Scelta azzardata, quantomeno singolare, quella di scrivere una sorta di farsa sull'Olocausto, ma il risultato è sorprendente.
"Ridere è un altro modo di piangere" dice il regista, Radu Mihaileanu, la cui famiglia fu internata in un lager. Un dolore atavico il suo, un dolore che viene qua trasfigurato nella risata, ma non per questo sminuito. Nella vita è costante la compresenza di comico e tragico e l'invito pascoliano a cercare nelle cose il loro sorriso e la loro lacrima come due elementi inseparabili è poeticamente vero. Così il regista sceglie di raccontarci in altra forma la tragedia del suo popolo, in modo surreale e ironico, quasi a volerne dissacrare l'orrore. Lo fa ispirandosi all'universo onirico del concittadino Ionesco, al suo teatro dell'assurdo, i cui rimandi la critica ha intravisto, unanime, nel racconto di Mihaileanu, così come ha colto l'evidente richiamo al regista Ernest Lubitsch (ebreo dell'Est come lui) e al suo film "Vogliamo vivere", che nel '42 affrontava per primo in forma di commedia la tematica antinazista, irridendo la tragedia della Shoah.
Egli fu quindi il precursore di un'idea poco ortodossa ma di successo, seguita da altri artisti tra cui il nostro Benigni che, nello stesso anno d'uscita di "Train de vie" (1998), concepisce e dà vita ad un'altra commedia sullo stesso tema, "La vita è bella". Il lungometraggio italiano ebbe una distribuzione capillare e grazie alle operazioni di marketing per il suo lancio, ottenne maggiore popolarità, amplificata dalla vittoria dell'Oscar. "Train de vie" fu forse in parte oscurato dal film di Benigni, conquistò tuttavia il pieno consenso della critica e del pubblico e vinse il David di Donatello come miglior film straniero.

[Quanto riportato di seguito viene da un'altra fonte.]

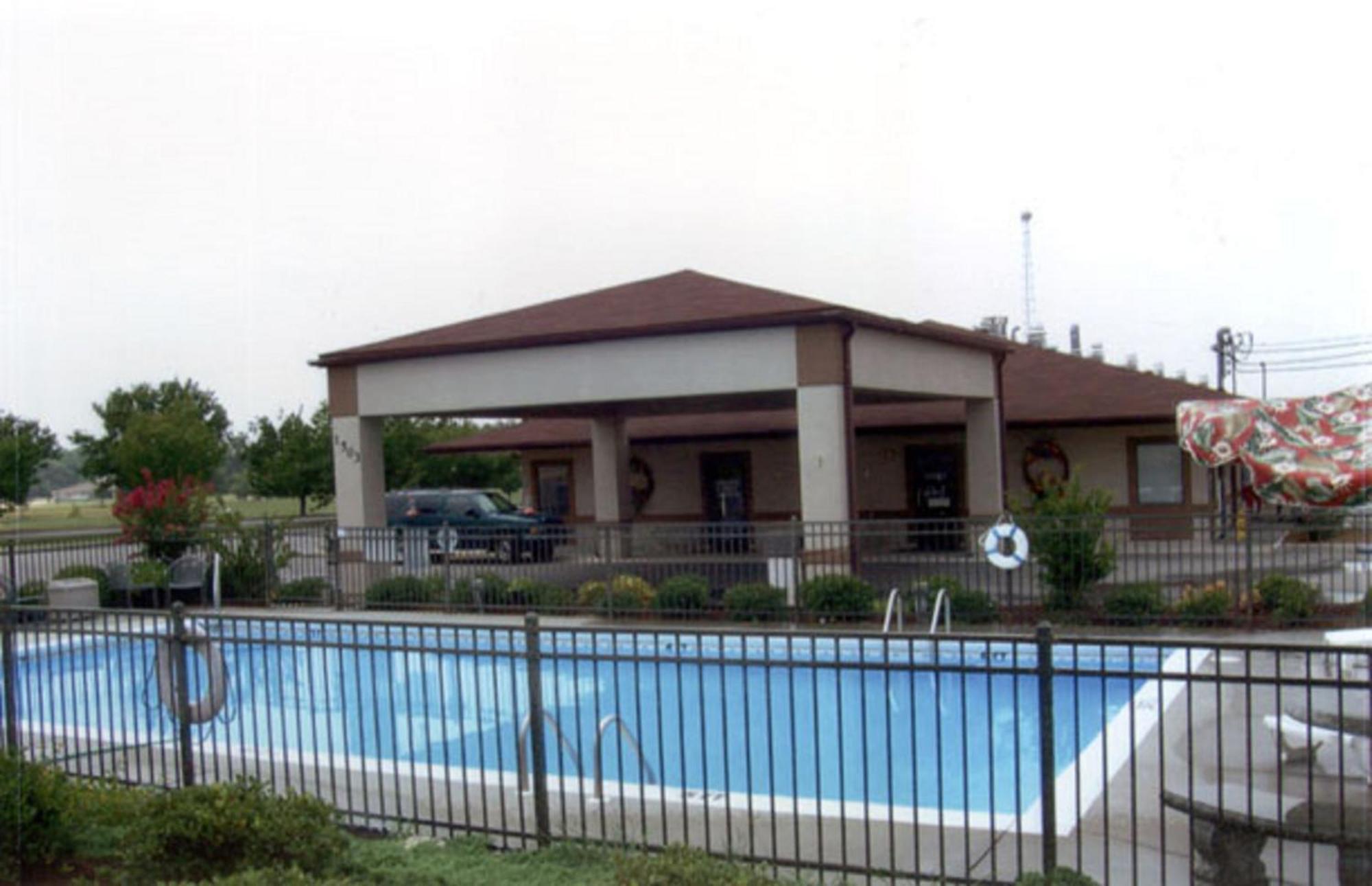 Briarwood Inn Of Geneva Exterior photo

Tra le due opere esistono marcate differenze, denominatore comune lo stile narrativo "favolesco", ma risalta subito nel gioiello cinematografico di Mihaileanu, l'ironia grottesca e delicata insieme sui vizi e sulle virtù ebraici, tipica dell'umorismo Yiddish, sempre un po' malinconico e rassegnato, certamente privo dell'enfasi buonista del film di Benigni.